# Short descriptive text snippets
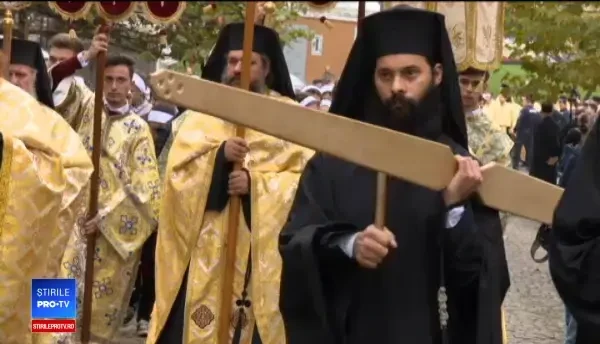 Pelerinaj de Sfântul Dumitru. Oamenii au așteptat și 10 ore să se roage la moaște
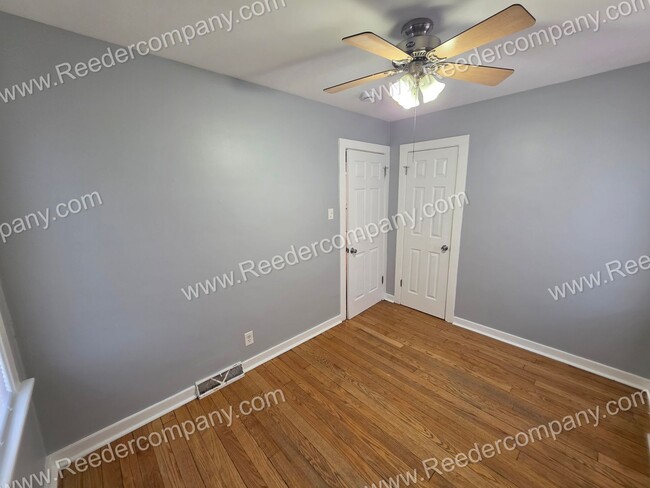 Building Photo - 2 Bedroom / 2 Bath Home Walking Distance to PNW-Hammond Campus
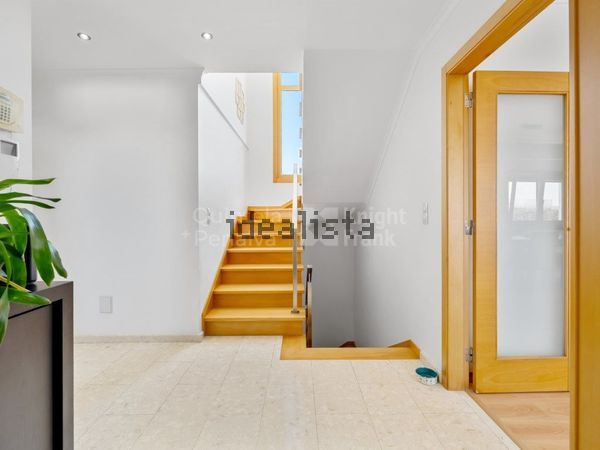 4-bedroom freehold villa in Sintra/Colares — photo 3 of 5
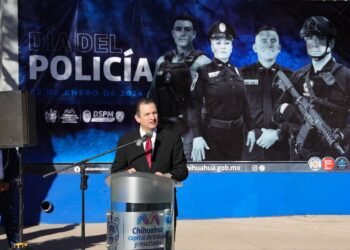 Con mañanitas y desayuno, celebran a policías municipales en su día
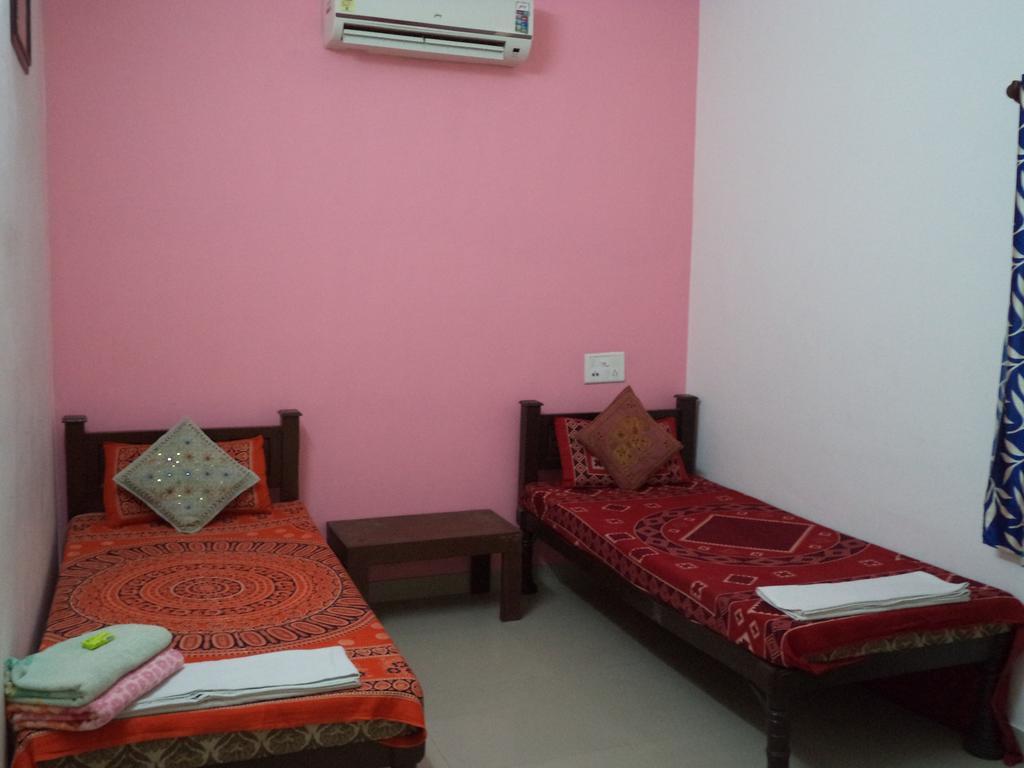 פושקאר Hotel Tulsi Palace מראה חיצוני תמונה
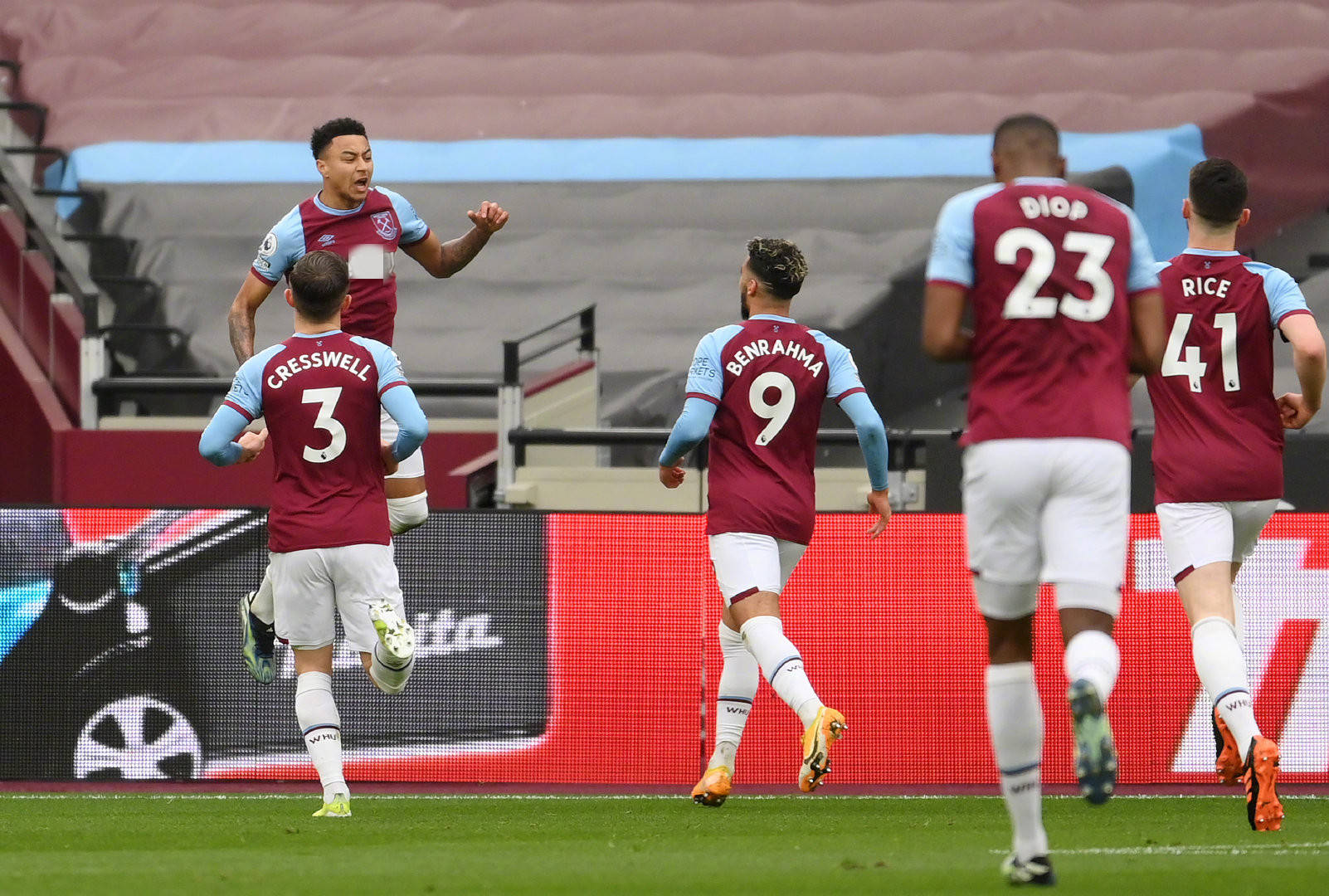 马德里在半 马德里在半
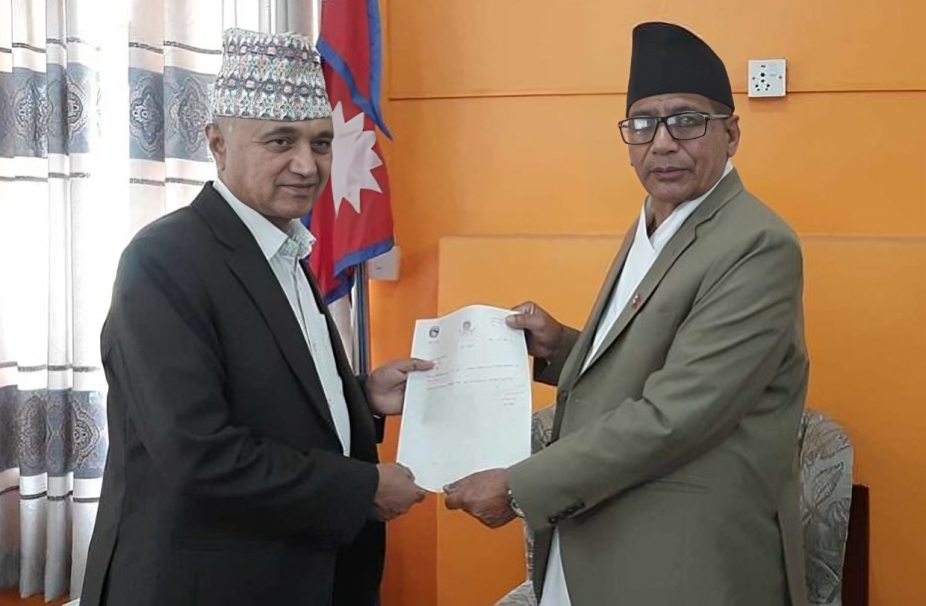 गण्डकीको मुख्यमन्त्रीमा खगराज अधिकारी नियुक्त, विपक्षी नेपाली काङ्ग्रेस सर्वोच्च जाँदै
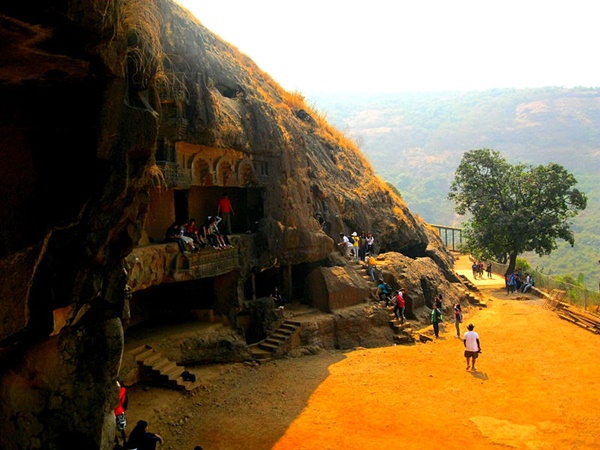 ഭാജാ ഗുഹകൾ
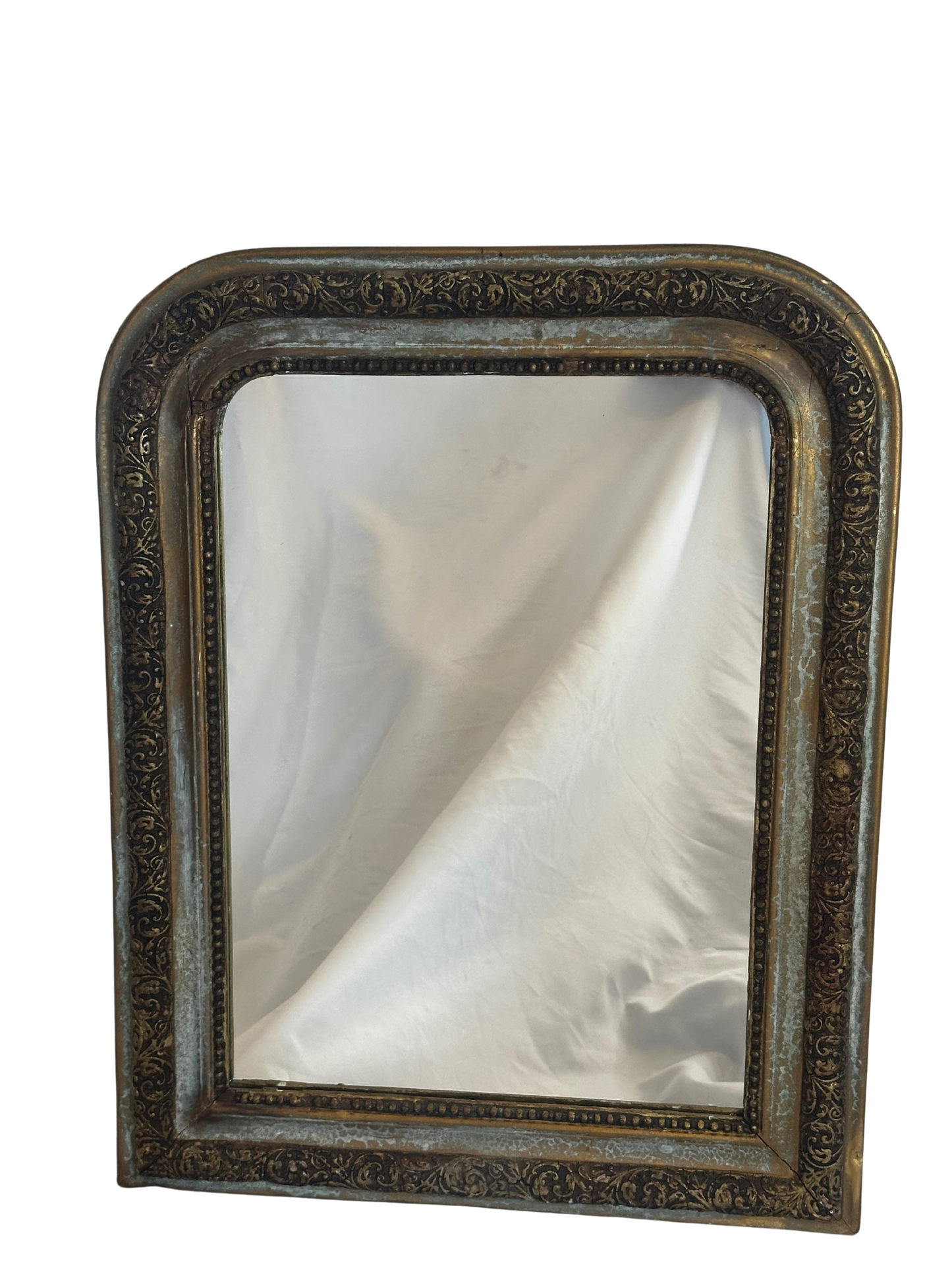 19th-Century French Giltwood Mirror with Carved Foliate Decoration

# Description of the task
Transcribe every entry exactly. Leave out the pictures.

# Solution to this exercise
 Pelerinaj de Sfântul Dumitru. Oamenii au așteptat și 10 ore să se roage la moaște
 Building Photo - 2 Bedroom / 2 Bath Home Walking Distance to PNW-Hammond Campus
 4-bedroom freehold villa in Sintra/Colares — photo 3 of 5
 Con mañanitas y desayuno, celebran a policías municipales en su día
 פושקאר Hotel Tulsi Palace מראה חיצוני תמונה
 马德里在半 马德里在半
 गण्डकीको मुख्यमन्त्रीमा खगराज अधिकारी नियुक्त, विपक्षी नेपाली काङ्ग्रेस सर्वोच्च जाँदै
 ഭാജാ ഗുഹകൾ
 19th-Century French Giltwood Mirror with Carved Foliate Decoration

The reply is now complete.